Is this common for Golden's or dogs in general? My puppy will eat anything and everything she can. Including tissues, clumps of grass, rocks, cat poop and pee directly out of the litter box. She's destroyed brand new hard rubber toys in minutes.


----------



## BeauShel (May 20, 2007)

You might look for the deer antlers. Those are very hard and they cant chew them up. Make sure you get the big ones. This is the website http://www.petexpertise.com/dog-toys/antlers-chews.html?sef_rewrite=1


----------



## Old Gold Mum2001 (Feb 25, 2007)

:doh: that's like 2 of mine, tho mine like CD's, electrical wires, soda cans (recycle bin now has to be on other side of fencing, lol), anything they can get their mouths on, then they try n play tug with it, lol. Thank goodness for someone posting about cotton balls, and HP


----------



## jnmarr (Mar 7, 2008)

Boomer is such a cutie! Are you sure he is eating all that stuff??? ROFLMBO !! Your title sound like it should be the title to a training book > I would stick to huge nylabones or really solid sterilized bones with home made stuffing in them.. or large stuffed Kongs. Rusty wan't bad at eating things.. He likes sticks and grass. Penny ate circles out of socks and worn shirts till she was about 8 months old if one was within reach. She will still eat sticks, try to get rocks and plants and even mud!!!??? If I turn my back. She also ate huge circles our of all the beds. My bridge boys are contenders for the world's record I am sure.. remote controls, picture frame, a recliner, contents of trash the day after Christmas ( trip to ER ) money, I could go on and on. I BELIEVE in crate training now shall we say! Boomer is precious!


----------



## Heidi36oh (Feb 27, 2007)

I got one of them, Chewie eats about anything he finds. We started to close every door possible, trashcan is under the sink and he still finds a sock:doh:. It's gotten better tough since the doors are closed much less things are eaten.

Boomer is so cute, you sure he does all that stuff???:wave:


----------



## Leia (Oct 26, 2008)

Thank you for the link to the antlers. I'm going to order a few.
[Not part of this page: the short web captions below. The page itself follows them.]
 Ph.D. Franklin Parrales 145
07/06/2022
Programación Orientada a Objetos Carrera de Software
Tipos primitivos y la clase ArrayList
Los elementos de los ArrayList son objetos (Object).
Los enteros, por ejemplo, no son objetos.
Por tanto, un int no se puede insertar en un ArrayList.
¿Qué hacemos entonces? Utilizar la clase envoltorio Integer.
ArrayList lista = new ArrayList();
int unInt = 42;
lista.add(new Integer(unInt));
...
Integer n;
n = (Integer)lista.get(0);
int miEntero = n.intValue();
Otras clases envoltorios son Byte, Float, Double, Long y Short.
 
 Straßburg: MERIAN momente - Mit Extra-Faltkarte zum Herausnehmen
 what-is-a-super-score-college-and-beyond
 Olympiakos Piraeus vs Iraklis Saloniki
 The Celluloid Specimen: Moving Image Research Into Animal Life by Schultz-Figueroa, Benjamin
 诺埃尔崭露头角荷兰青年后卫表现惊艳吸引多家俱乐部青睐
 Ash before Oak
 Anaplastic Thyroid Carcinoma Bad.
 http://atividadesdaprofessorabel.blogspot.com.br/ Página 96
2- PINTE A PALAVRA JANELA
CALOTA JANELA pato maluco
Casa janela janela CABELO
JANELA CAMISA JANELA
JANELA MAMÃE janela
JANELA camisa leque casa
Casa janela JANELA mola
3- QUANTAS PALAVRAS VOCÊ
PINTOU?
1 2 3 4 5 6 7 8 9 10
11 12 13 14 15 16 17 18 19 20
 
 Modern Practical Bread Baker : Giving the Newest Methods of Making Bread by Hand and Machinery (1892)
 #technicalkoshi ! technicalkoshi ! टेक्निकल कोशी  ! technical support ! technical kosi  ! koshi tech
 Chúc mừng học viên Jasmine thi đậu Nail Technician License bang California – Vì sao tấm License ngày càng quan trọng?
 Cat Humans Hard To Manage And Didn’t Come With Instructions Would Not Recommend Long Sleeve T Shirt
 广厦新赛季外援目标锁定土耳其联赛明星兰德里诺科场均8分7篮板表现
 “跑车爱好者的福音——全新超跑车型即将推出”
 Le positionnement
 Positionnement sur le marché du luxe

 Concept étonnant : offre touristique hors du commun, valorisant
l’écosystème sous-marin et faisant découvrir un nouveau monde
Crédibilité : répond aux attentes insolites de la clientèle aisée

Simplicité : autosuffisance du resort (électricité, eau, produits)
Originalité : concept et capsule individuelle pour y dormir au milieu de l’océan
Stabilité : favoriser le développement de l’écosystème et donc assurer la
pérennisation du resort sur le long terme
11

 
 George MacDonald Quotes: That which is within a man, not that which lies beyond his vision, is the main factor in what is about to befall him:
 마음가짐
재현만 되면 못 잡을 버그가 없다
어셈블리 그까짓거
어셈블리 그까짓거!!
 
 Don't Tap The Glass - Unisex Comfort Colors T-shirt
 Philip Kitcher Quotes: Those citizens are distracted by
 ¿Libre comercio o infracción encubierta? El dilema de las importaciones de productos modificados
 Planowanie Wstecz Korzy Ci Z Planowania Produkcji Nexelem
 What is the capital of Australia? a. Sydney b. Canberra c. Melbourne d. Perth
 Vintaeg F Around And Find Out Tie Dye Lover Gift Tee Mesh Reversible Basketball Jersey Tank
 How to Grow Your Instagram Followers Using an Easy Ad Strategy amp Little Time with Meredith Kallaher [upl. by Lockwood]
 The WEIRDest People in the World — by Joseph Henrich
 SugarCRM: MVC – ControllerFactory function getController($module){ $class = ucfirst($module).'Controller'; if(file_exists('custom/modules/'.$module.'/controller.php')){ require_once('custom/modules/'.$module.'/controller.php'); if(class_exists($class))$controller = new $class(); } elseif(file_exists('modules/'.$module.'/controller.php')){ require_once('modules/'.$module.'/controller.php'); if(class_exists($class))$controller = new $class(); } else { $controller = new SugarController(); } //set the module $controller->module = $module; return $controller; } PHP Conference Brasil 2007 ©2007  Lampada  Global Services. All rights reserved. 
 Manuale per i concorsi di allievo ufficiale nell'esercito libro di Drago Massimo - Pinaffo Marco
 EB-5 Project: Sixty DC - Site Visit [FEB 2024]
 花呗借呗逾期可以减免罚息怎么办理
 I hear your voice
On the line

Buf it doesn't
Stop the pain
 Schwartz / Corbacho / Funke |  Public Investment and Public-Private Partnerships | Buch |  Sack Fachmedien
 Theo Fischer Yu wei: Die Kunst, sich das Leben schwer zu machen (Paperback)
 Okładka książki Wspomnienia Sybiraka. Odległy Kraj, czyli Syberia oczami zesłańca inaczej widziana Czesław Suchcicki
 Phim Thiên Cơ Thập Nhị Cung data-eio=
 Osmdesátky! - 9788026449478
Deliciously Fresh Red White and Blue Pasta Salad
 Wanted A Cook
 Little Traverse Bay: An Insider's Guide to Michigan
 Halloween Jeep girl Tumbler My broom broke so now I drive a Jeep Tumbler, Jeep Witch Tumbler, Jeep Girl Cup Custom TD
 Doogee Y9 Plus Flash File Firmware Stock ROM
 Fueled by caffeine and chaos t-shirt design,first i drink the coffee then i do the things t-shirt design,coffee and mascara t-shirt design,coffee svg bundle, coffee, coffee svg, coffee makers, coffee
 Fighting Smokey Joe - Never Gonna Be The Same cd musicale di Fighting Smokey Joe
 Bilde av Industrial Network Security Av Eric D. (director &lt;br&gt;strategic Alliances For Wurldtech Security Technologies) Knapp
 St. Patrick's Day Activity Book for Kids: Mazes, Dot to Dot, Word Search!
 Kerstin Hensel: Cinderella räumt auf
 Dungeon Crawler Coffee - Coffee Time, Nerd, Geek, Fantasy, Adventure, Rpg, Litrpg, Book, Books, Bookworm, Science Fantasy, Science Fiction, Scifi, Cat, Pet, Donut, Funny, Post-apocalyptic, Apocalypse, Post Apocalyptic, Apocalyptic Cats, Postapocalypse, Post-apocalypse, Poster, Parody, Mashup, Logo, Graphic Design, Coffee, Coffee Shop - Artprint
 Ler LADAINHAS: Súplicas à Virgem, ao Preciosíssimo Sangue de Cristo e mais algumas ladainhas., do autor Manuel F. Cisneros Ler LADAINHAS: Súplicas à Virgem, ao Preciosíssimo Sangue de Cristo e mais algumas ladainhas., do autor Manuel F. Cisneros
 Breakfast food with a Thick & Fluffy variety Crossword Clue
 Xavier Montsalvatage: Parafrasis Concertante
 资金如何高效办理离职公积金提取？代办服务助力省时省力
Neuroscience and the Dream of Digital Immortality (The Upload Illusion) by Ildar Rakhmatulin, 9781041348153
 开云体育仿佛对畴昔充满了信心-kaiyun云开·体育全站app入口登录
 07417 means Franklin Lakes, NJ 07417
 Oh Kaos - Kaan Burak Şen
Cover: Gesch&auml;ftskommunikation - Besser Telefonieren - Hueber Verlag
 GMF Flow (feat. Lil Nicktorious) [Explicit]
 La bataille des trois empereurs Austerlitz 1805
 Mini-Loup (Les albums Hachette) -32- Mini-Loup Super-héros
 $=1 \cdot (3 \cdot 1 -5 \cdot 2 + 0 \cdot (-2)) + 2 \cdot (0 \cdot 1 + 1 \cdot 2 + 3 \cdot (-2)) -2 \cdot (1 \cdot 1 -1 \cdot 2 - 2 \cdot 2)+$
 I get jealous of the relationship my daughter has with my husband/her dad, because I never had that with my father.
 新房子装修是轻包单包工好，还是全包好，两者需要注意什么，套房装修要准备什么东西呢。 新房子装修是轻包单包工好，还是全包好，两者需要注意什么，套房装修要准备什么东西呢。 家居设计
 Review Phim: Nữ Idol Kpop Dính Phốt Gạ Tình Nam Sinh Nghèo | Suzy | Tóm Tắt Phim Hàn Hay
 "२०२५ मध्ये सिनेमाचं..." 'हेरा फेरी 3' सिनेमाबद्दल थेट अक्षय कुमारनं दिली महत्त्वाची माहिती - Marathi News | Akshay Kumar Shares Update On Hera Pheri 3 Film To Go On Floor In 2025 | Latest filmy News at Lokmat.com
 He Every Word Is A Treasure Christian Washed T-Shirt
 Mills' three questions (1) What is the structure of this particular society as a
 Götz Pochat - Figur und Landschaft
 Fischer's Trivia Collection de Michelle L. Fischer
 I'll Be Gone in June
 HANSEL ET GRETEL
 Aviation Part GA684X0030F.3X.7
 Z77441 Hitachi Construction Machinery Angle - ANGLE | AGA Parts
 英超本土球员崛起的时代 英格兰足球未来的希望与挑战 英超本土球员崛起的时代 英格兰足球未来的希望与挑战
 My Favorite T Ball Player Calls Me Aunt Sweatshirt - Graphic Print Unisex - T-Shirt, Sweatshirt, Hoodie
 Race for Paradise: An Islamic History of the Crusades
I think they would be just what she needs.


----------



## norabrown (Jul 20, 2007)

Samson prefers socks and rocks! He poops out both and on occasion throws up the rocks.


----------



## amy22 (May 11, 2008)

My daughter's dog LOVES underwear..ate about 15 pairs last week..she has Riley at college with her and it was wash day...her door was left open...threw up undies and pooped them out for days...I made my daughter count them(not to easy to make her do it over the phone but she loves her dog so she did it)....easy by colors and they all came out...LUCKY and thank goodness for hydrogen peroxide..this dog also ate about 1/3 of the carpet and padding in my living room when she was a pup.. chewed up picture frames..the list goes on....


----------



## Celeigh (Nov 29, 2007)

Fergus loves rusty metal . He digs up the rusted metal pins that hold some underground sprinkler hose in place and wants to chew on those. They are about 8 inches long and pronged like a giant hairpin. I took one away from him today. I also took away a 3 inch piece of rusted rebar today. Not sure where that came from, but he found it in the yard. Last week, I had to chase him to get several rusted nails held together with paper away from him - the kind that get loaded into nail guns. My house is fairly new construction and the construction guys were piggies, throwing every matter of trash into the dirt in the backyard. I guess a lot of it is still there after the landscaping.


----------



## GoldenOwner12 (Jun 18, 2008)

Another one here Shelley always search's for food on our walks even at home. I spoted her trying to eat used bandaids,dirt,poo,baloons,metal lids,plastic,her own hair when brushed and anything else that is liying around she willl try.Lucky for me i just got to yell get out of it Shelley and she drops what she has got. Sometimes she won't listen and ends up swallowing it, It comes out the other end thankfully.


----------



## slechner (Sep 5, 2008)

Thanks for your reply. Yes, it sounds like you have lots of dog experience. Boomer is a cutie but can be a real devil dog. I hope he outgrows some of his ways.


----------



## Craigbob (Nov 6, 2008)

Riley likes to try and eat things as well. Yesterday he found a piece of foam in the yard (unlike any foam we've ever had) tore it up, ate some and up it came. My son should have been paying better attention to him though to prevent that. 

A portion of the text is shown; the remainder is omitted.